There’s no script you need to follow. No required level of readiness. No threshold of certainty you need to cross before you’re “allowed” to seek support.
Small Steps Count
You don’t have to dive into the deepest parts of your experience right away. Therapy can start small:
- Just making the initial call or sending the first message
- Showing up for one session to see how it feels
- Talking about surface-level concerns before deeper ones
- Setting boundaries about what you’re ready to discuss
- Taking breaks when things feel too intense
Many people find that once they take that first small step, the next ones come a little easier. Not because they suddenly feel “ready,” but because they discover that sharing the load, even a little bit, brings its own kind of relief.
As one client put it: “I thought I needed to feel brave to start therapy. But starting therapy is what helped me feel brave.”
Permission to Begin Anyway
If you’re waiting to feel ready, this is your permission to begin anyway.
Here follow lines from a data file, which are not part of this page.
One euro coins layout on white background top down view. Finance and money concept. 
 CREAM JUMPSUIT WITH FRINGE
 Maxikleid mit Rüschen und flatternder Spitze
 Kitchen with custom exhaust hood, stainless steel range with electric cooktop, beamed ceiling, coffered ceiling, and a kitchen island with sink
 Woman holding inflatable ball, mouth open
To reach out with all your hesitation intact. To say yes to support even while part of you wants to say no.
Your doubts can come along for the ride. Your fears about the process can be part of the conversation. Your uncertainty about whether this is the right time can be something you explore together.
What matters isn’t how ready you feel, but that you’re willing to take one small step despite not feeling ready.
Sometimes the bravest thing we can do is to admit we need someone even when everything in us wants to handle it alone. Sometimes the wisest choice is to reach out before we feel prepared to do so.
You don’t have to be ready. You just have to be here.
Not feeling ready is normal. Start where you are today.